Is there a way currently or are there plans to add a method to add contextual information from the config to datapackage.json? If not, I think this would be a great addition.

ikreymer commented 1 year ago

Yes, this is a good idea, and just something we haven't gotten around to yet. The warcinfo option (which I forgot about!) exists because someone requested it at one point. I think its just a matter of exposing these settings.. are there specific properties that you'd like to see included? title and description?

A tricky aspect of this is that this sort of metadata may change while the actual archived data remains the same, eg. you may want to edit the description, but perhaps not. At least with WACZ, it is easier to update than in the WARC.

ikreymer commented 1 year ago

@tw4l what do you think would make sense here? Perhaps just adding a --title and --desc flags, or a more extensive metadata json blob in the config?

markpbaggett commented 1 year ago

@ikreymer Great question. In our planning, we we looking to use title and description from the wacz spec along with homepage and contributors from frictionless data. It looks like title and description are already defined in py-wacz.

since the range of homepage is a string, it could follow the same pattern as title and description, but i'm not sure how you all feel about expanding py-wacz to support things that aren't prescribed explicitly in wacz 4.2.4. contributors is of course more complex since it's an array of objects, with its own optional fields.

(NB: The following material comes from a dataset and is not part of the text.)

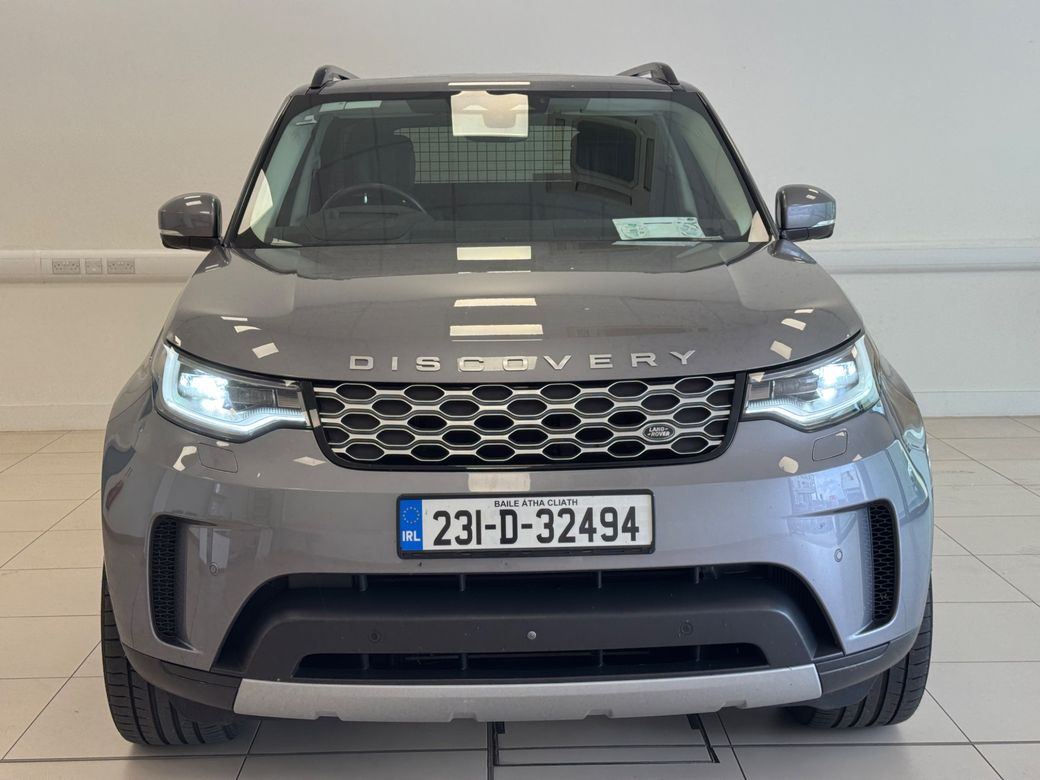 2023 Land Rover Discovery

In case it's helpful, this was what we were hoping to capture as it closely matches what we put into the warcinfo:

{
  "profile": "data-package",
  "resources": [
    {
      "name": "filename.ext",
      "path": "path_in_wacz/filename.ext",
      "hash": "sha256:917573c8c06fbe3784f9255652a7aaa7e4f04436b9e0bfab929d7082f88f3a14",
      "bytes": 961064
    }
  ],
  "title": "Database of the Smokies",
  "description": "This WACZ and its associated WARCs contain web assets associated with the Database of the Smokies (DOTS). DOTS provided citations to written works about the Great Smoky Mountains National Park and bordering communities from 1935 to the present day. In 2023, a decision was made to sunset DOTS but provide ongoing access to its contents via WACZ. While DOTS will be spun down, its web archive will be made available for perpetuity.",
  "homepage": "https://www.lib.utk.edu",
  "created": "2023-03-30T19:13:15Z",
  "wacz_version": "1.1.1",
  "software": "py-wacz 0.4.8",
  "contributors": [
    {
        "title": "Mark Baggett",
        "email": "mbagget1@utk.edu",
        "role": "author",
        "organization": "University of Tennessee, Libraries"
    }
  ]
}

I think hearing what others think would be great. Honestly, just having title and description (which already seem to function if you use py-wacz directly) would be awesome.

tw4l commented 1 year ago

@tw4l what do you think would make sense here? Perhaps just adding a --title and --desc flags, or a more extensive metadata json blob in the config?

I think having title and description able to be passed in via --title and --desc/--description crawler args is a great start, especially since the spec states they SHOULD be present and they're supported in py-wacz already.

I'd love to get support for a more extensive metadata json blob in eventually (maybe/ideally limited to Frictionless Data Package metadata fields - not sure to what degree we could do validation but it'd be a nice value-add) but as @markpbaggett's example suggests this might be a little more involved, so I think starting with title and description seems reasonable.

tw4l commented 1 year ago

@markpbaggett Initial PR is merged and the 0.9.0 release of the crawler will include --title and --description CLI args :)

Thanks for the full example of the metadata you'd like to be able to pass into datapackage.json! Keeping this issue open so that we can track adding more metadata to the WACZ in time.

markpbaggett commented 1 year ago

@tw4l and @ikreymer awesome 😎 . this is a great start.